Es ist die Ohnmacht gegenüber einem riesenhaften Konzern, der längst in das Leben jedes einzelnen Menschen eingreift, selbst aber kaum fassbar scheint, die Peter Hubert besonders aufbringt: "Hier werden falsche Informationen wie Tatsachen dargestellt, und um sie richtigzustellen, muss ich als regionaler, mittelständischer Unternehmer einen Rechtsstreit gegen einen Weltkonzern anfangen, der nicht nur teuer und belastend ist, sondern auch völlig offen in Bezug darauf, wie er ausgeht."
Allein, um die Klageschrift zustellen zu dürfen, muss Hubert jetzt ein Gericht bemühen. Die Zustellung an die Google-Zentrale in Hamburg sei dreimal gescheitert, weil die Post den Brief dort nicht einwerfe oder abgebe. Nun muss das Landgericht München beurteilen, ob ein Gerichtsvollzieher die Klageschrift überbringen soll.
Langer Klage-Weg
Der Bräustüberl-Wirt weiß, dass er einen langen Atem braucht. Trotzdem will er sich von einem Algorithmus nicht das Geschäft beschädigen lassen. Dass ein solch negativer Effekt eintritt, davon ist Thomas Glückstein, Fachanwalt für Urheber- und Medienrecht der Kanzlei Lausen überzeugt. Denn wenn Interessenten online lange Wartezeiten sehen, liege es auf der Hand, dass diese Nutzer andere gastronomische Betriebe vorziehen und nicht als Gast ins Bräustüberl kommen.
Am 28. August 2019 wird das Landgericht in der Verhandlung entscheiden. Sollte es der Zustellung der Klageschrift in Deutschland zustimmen, wäre bereits das ein großer Erfolg für das Bräustüberl. Und: Es wäre ein Präzedenzfall, der anderen Mittelständlern – ob aus Gastronomie, Einzelhandel oder Handwerk – den Weg ebnen könnte, sich bei Falschangaben von Internetdiensten leichter zur Wehr zu setzen.
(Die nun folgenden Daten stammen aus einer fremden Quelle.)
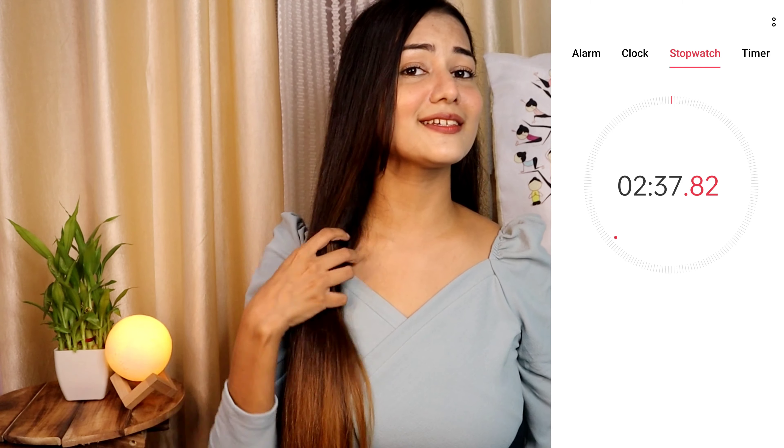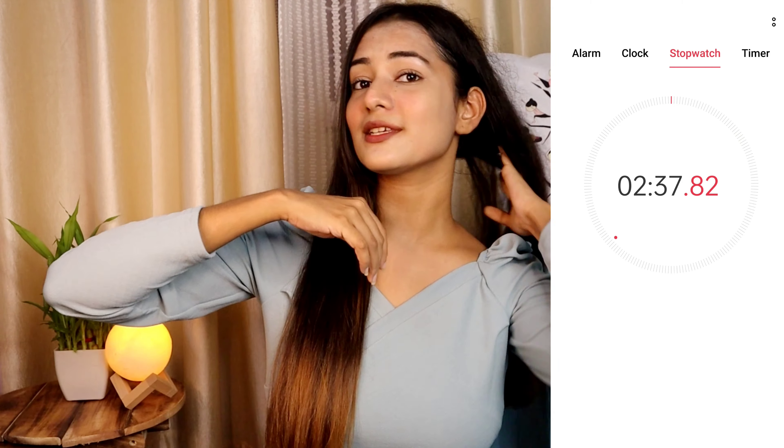I'm done with this one as well and as you can see, this is so perfect — you will see a huge difference between the two. This part is still frizzy and as you can see, this part is so nicely straightened.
Lehnt das Gericht die Zustellung in Deutschland ab, wird Anwalt Glückstein die nächsthöhere Instanz anrufen. Kommt von dort ein weiteres Nein, müssen Fachübersetzer ran sowie weitere bürokratische und juristische Hürden genommen werden, bis die Klageschrift schließlich ihren Weg in den USA antreten kann.
Schnellerer Erfolg als gedacht
Ganz unabhängig vom Klageweg, den der Wirt weiter einschlagen will, vermeldete er jetzt einen "Teilerfolg: Google hat die irreführenden Angaben offensichtlich gelöscht. "Das muss irgendwann in den letzten zehn Stunden passiert sein", sagte Bräustüberl-Wirt Peter Hubert am Freitagnachmittag dem BR. Hubert ist sich sicher, der öffentliche Druck durch Medienberichte habe Wirkung gezeigt.